For sure, after seeing the outcome of the U.S.-Slovenia match, English fans are probably snickering and thinking the United States deserved this karma, because a mishandled ball by goalkeeper Robert Green propelled the U.S. to a 1-1 draw with England on Saturday.
But regardless of what your rooting interests are or how you feel about officials' being blamed for losses -- or in this case, a tie -- disallowing Maurice Edu's goal in the 86th minute was an injustice that robbed the Americans from completing the most compelling comeback so far in the World Cup.
"It was overwhelming emotion at that point," Edu said of his disallowed goal. "We were filled with joy, and then it was disappointment. I thought it was the moment we won the game."
If the tie with England felt like a moral victory, this one feels like a devastating loss, even though the U.S. still remains in prime position to make it out of its group after two consecutive draws. And how ironic it is that Slovenia, the smallest of the 32 nations in this tournament, benefited from what is easily the biggest mistake of the World Cup.
The storyline of this match should be about Team USA's resolve, but instead it's about a referee who instantly became a household name for the worst reasons.
Coulibaly's disallowing of the U.S. goal was just one of the ridiculous calls he made in this match. Let's also not forget he assessed Robbie Findley a yellow card for an intentional handball -- which means Findley will sit out the next match -- even though it was clear the ball ricocheted off Findley's face and hit his hand.
It would be different if Coulibaly had a spotless record, but he doesn't. This is the same official who assessed Egypt a controversial time-stoppage penalty during its final 2006 World Cup qualifier against Cameroon. Egypt prevailed after Cameroon's missed kick.
No question the Americans played badly in the first half, falling behind 2-0 to a scrappy Slovenian team. The U.S.'s defense was leaky, and it continued its bad habit of giving up early goals, as Valter Birsa put Slovenia on the board with a goal in the 13th minute of play.

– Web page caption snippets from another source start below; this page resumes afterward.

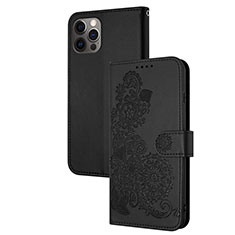 Leather Case Stands Fashionable Pattern Flip Cover Holder Y02X for Apple iPhone 15 Pro Black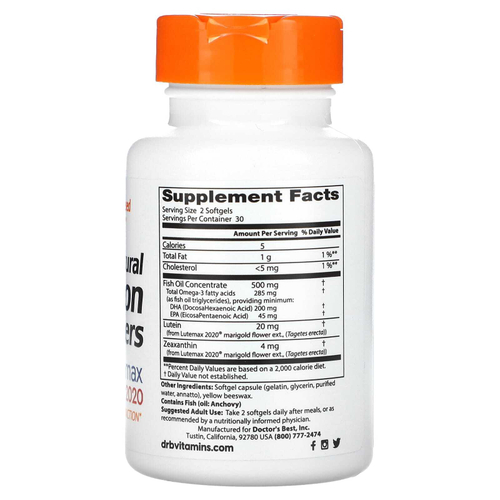 Doctor's Best, Natural Vision Enhancers с Lutemax 2020, 60 капсул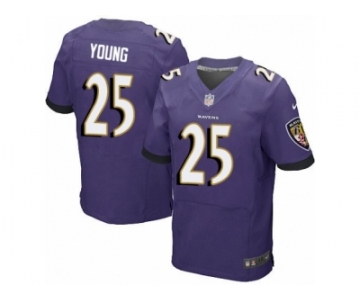 Men's Nike Baltimore Ravens #25 Tavon Young Elite Purple Team Color NFL Jersey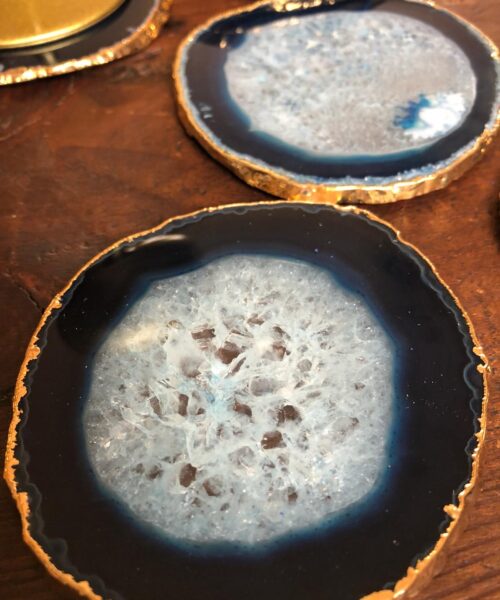 Blue Agate 24ct Gold Edge, Gilded, Microcrystalline Quartz Premium Coasters (Set of 4) Gift - Image 22
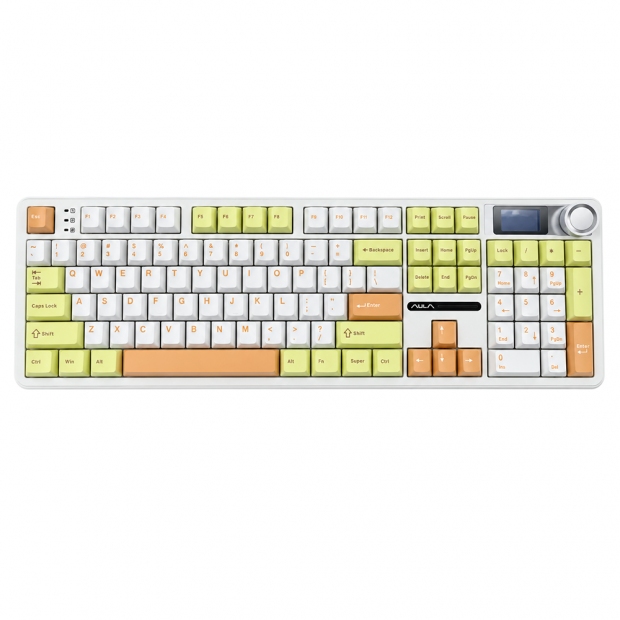 Anúncio: TECLADO AULA MEC. WIND F108 PRO S/FIO LIGHT YELLOW WHITE+BROWN 503503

But is a bad half an excuse to have a match stolen?
"We asked the referee many times, and he wouldn't or couldn't explain," said striker Landon Donovan, whose goal in the 48th minute from the right wing broke the U.S.'s drought. "I don't know how much English he spoke. We asked him numerous times in a nonconfrontational manner, and he just ignored us or didn't understand us."
And from the looks of it, no one but Coulibaly will ever know his rationale for calling a foul that doesn't seem to have existed. In the official FIFA play-by-play, the foul was given to Edu, but if you've watched any of the television replays, Edu appears to be blameless. However, what is noticeable is the Slovenian players holding and grabbing Michael Bradley and Carlos Bocanegra as though their uniforms were made of super glue.

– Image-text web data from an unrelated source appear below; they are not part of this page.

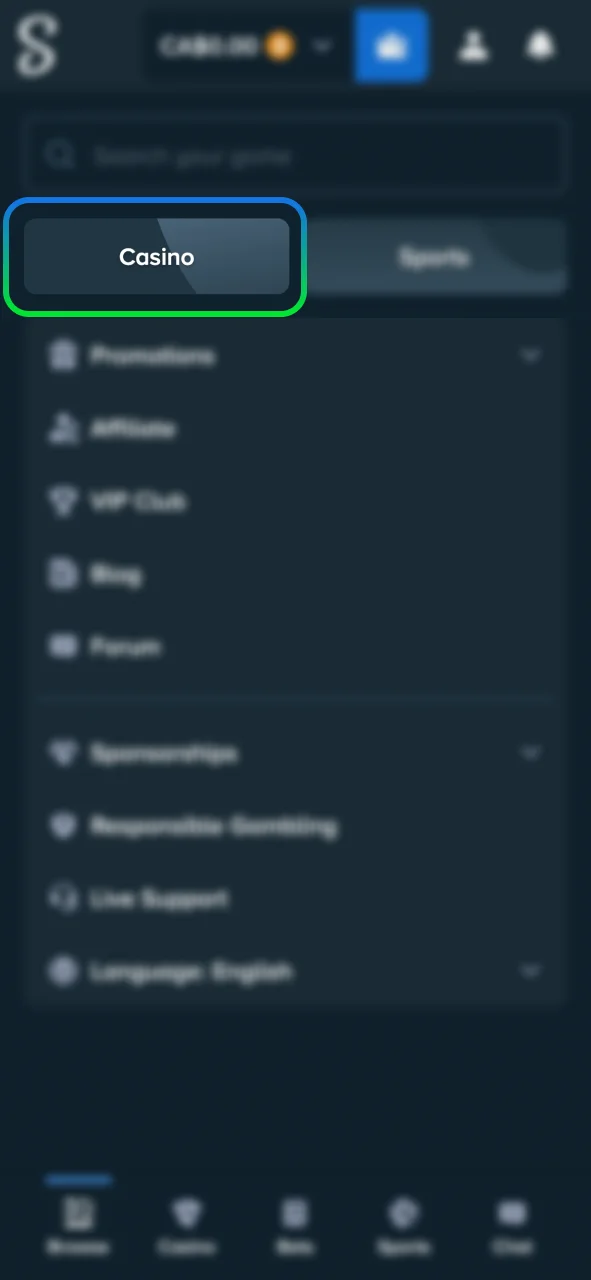 Navigate to the Casino tab in Stake to start playing.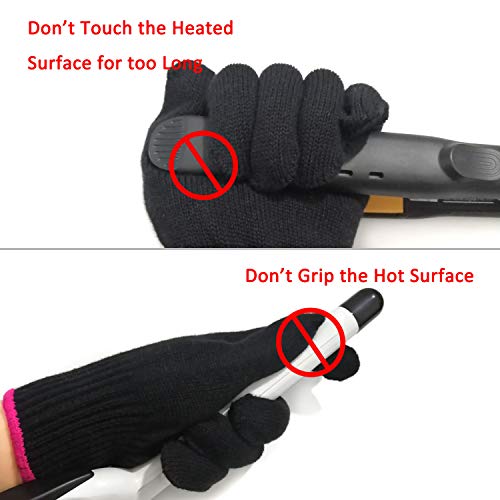 Heat Resistant Hair Styling Gloves - 2 Pack, One Size Fits All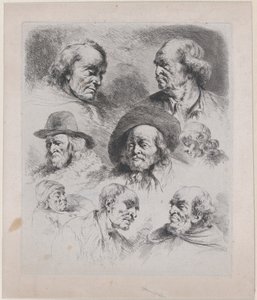 Studie av åtta huvuden, 1795. av Jean Jacques de Boissieu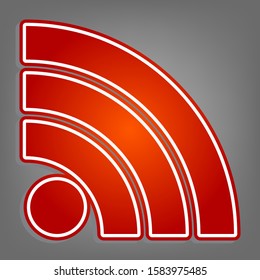 RSS sign illustration. Flat red icon with linear white icon with gray shadow at grayish background. Illustration.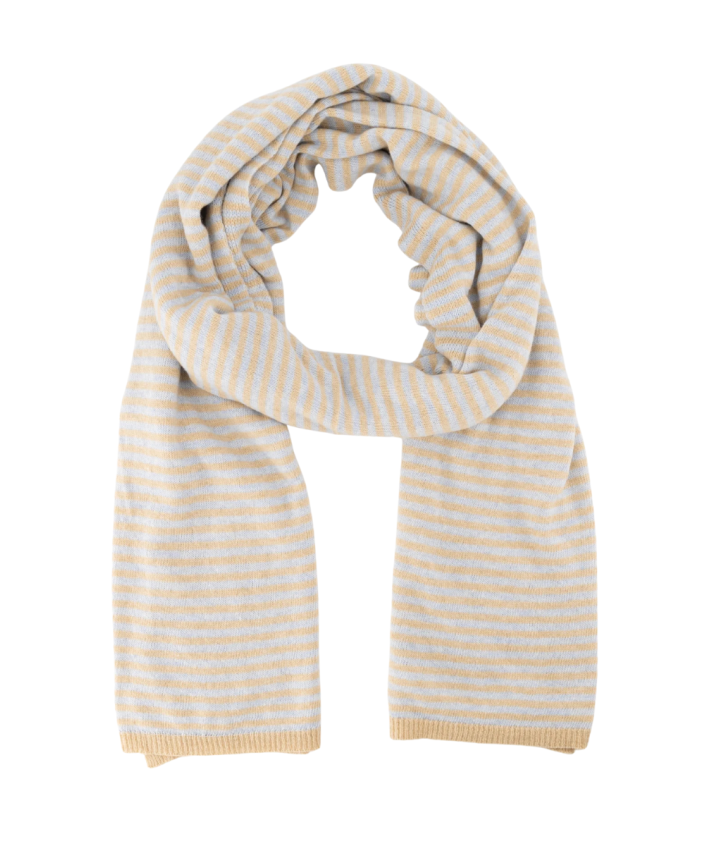 Kasjmier-mix sjaal met strepen in beige en lichtblauw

Coulibaly isn't commenting on the disallowed goal -- at least that's what FIFA told a U.S. soccer spokesperson -- so in addition to an injustice, the scent of unaccountability also lingers.
I'm not one who usually blames officiating for wins and losses, but overlooking the magnitude of such a poor decision is virtually impossible.
If Slovenia proved it deserved to win after a tremendous first half, the U.S. also demonstrated it didn't deserve to settle for a tie after such a terrific comeback. Tying isn't losing, but it isn't winning, either.